═════ Excerpted records

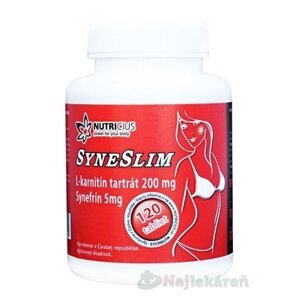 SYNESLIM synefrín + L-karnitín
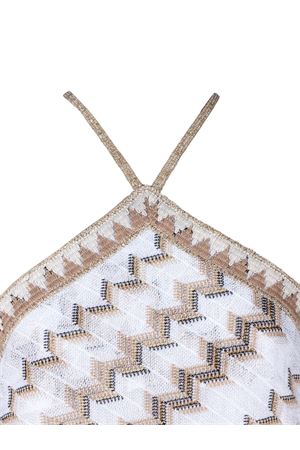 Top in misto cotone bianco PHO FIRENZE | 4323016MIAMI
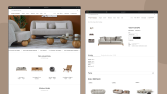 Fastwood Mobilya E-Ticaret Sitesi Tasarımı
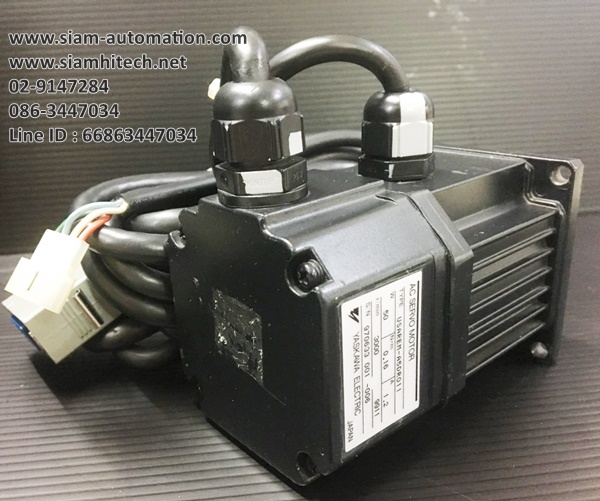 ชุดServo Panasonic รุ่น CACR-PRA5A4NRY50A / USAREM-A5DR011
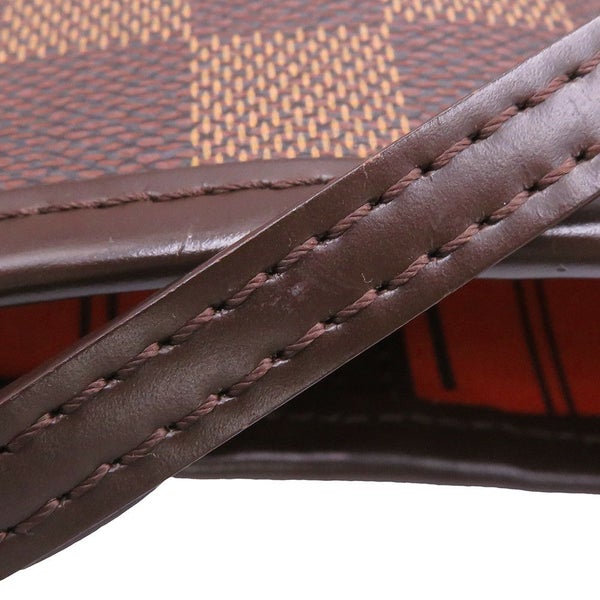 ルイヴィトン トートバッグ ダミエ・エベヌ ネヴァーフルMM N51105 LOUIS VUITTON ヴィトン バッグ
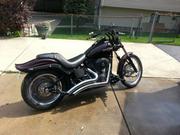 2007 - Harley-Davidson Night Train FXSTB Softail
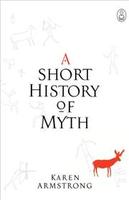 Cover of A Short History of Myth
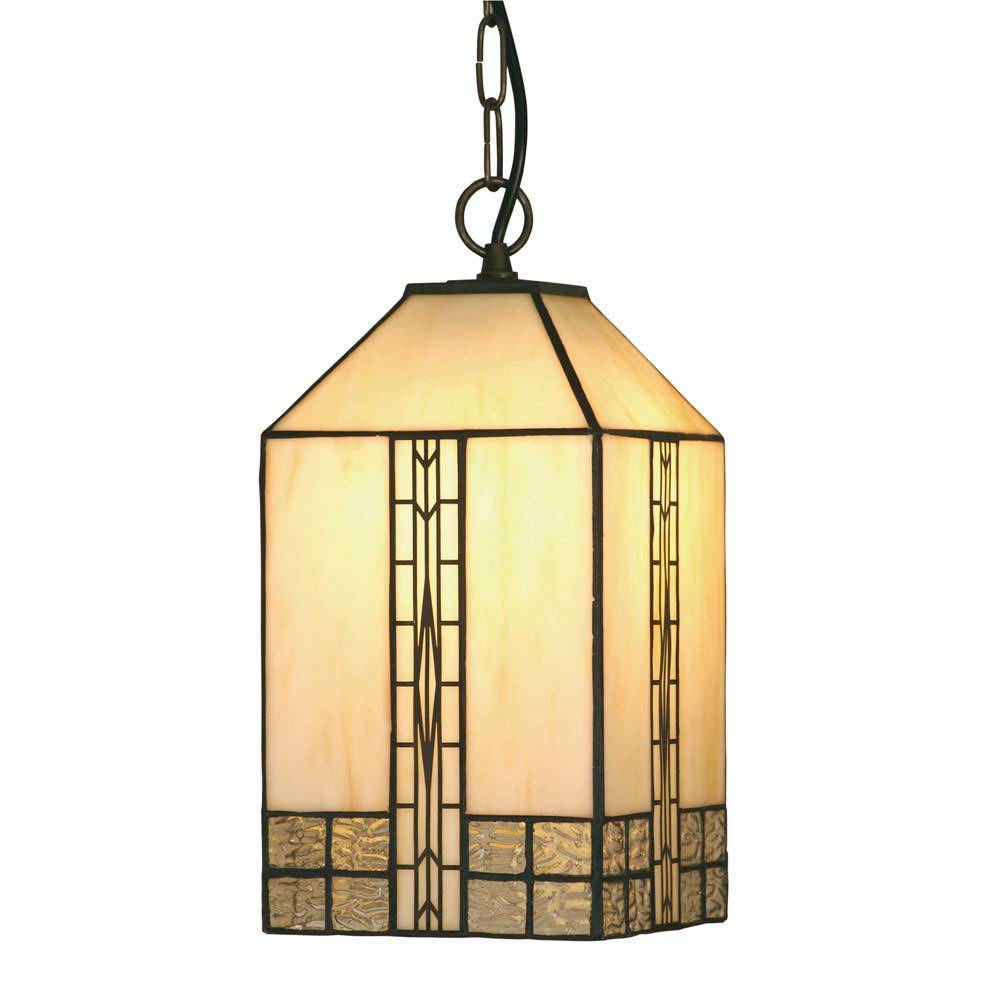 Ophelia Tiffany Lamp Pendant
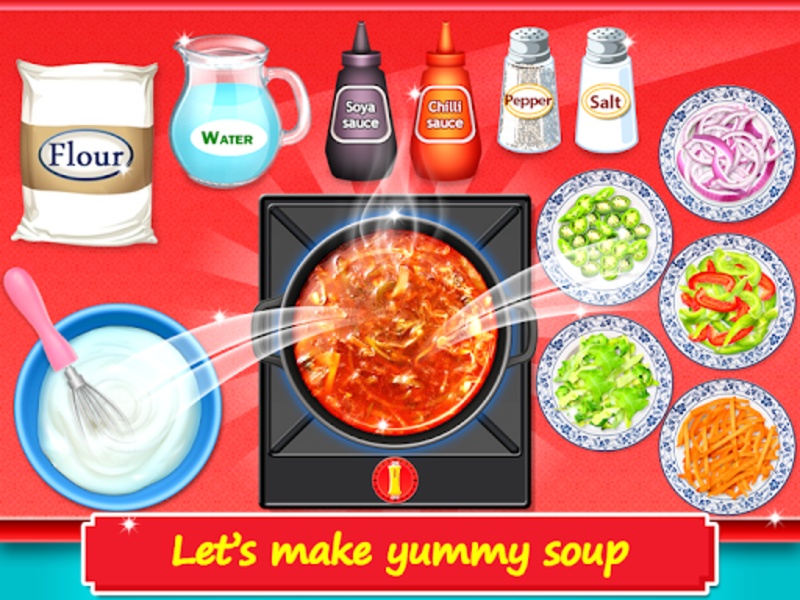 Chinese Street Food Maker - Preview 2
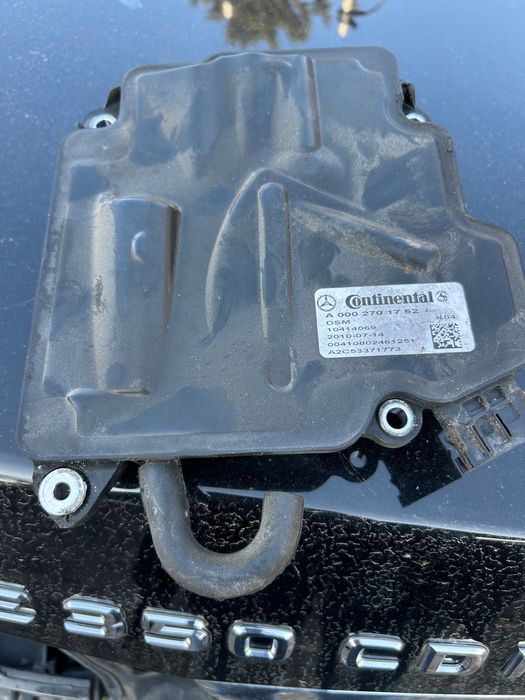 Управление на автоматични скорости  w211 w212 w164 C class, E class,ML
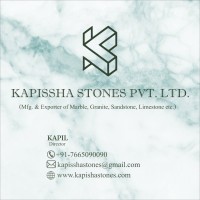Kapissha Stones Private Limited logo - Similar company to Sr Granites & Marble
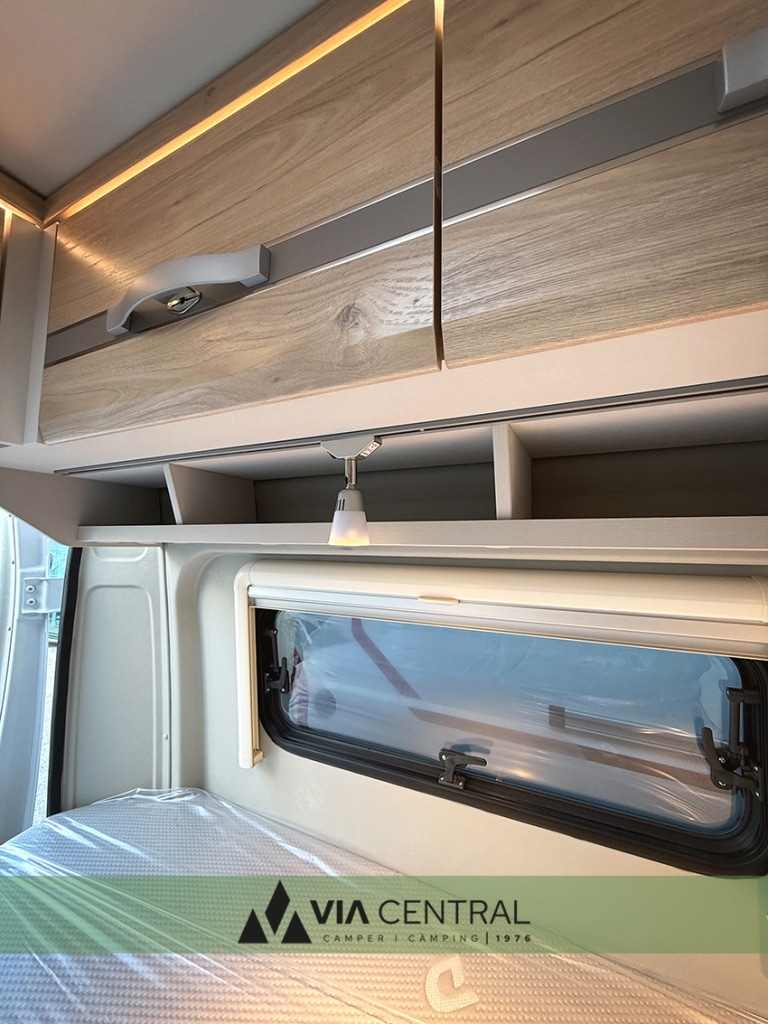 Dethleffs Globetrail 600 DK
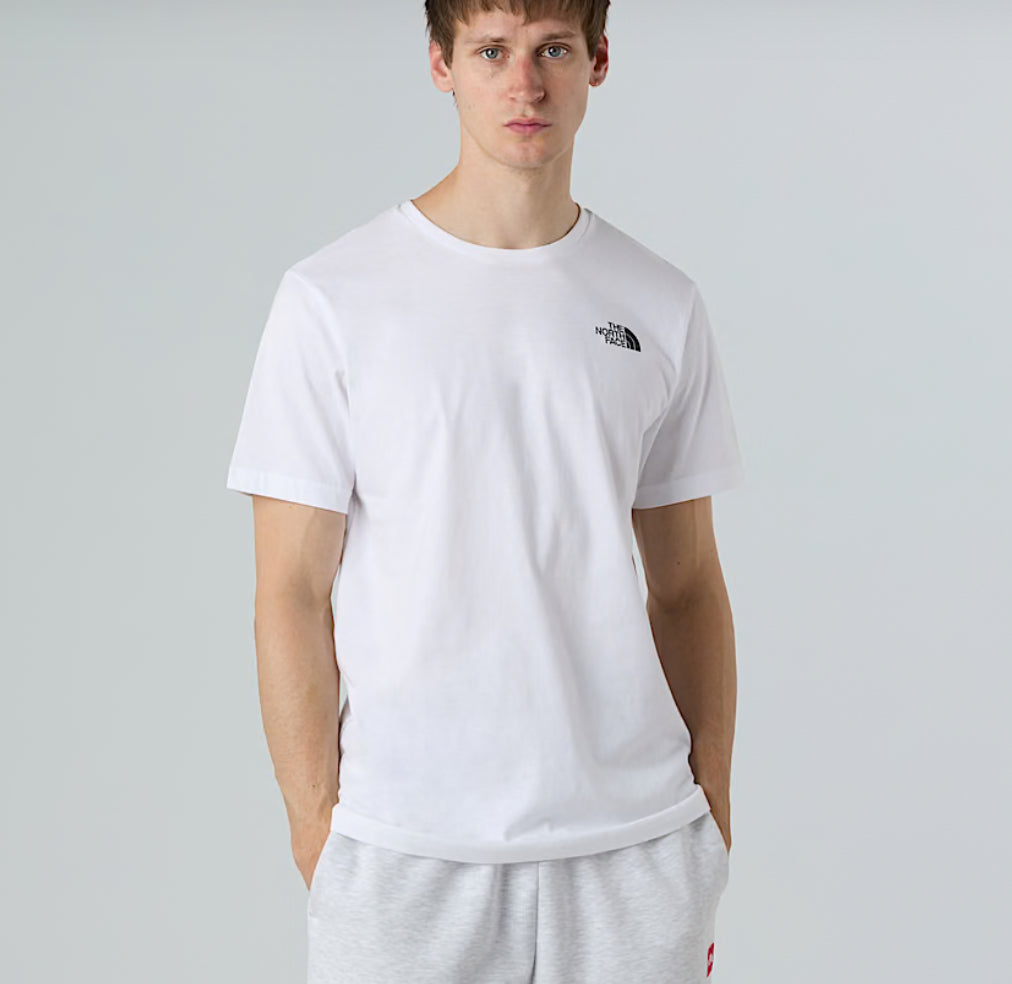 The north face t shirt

══════════

What to produce:
Please write out, exactly, every line from the line with "Dethleffs Globetrail 600 DK" through the final line of the data above, leaving out pictures.

Result of this exercise:
 Dethleffs Globetrail 600 DK
 The north face t shirt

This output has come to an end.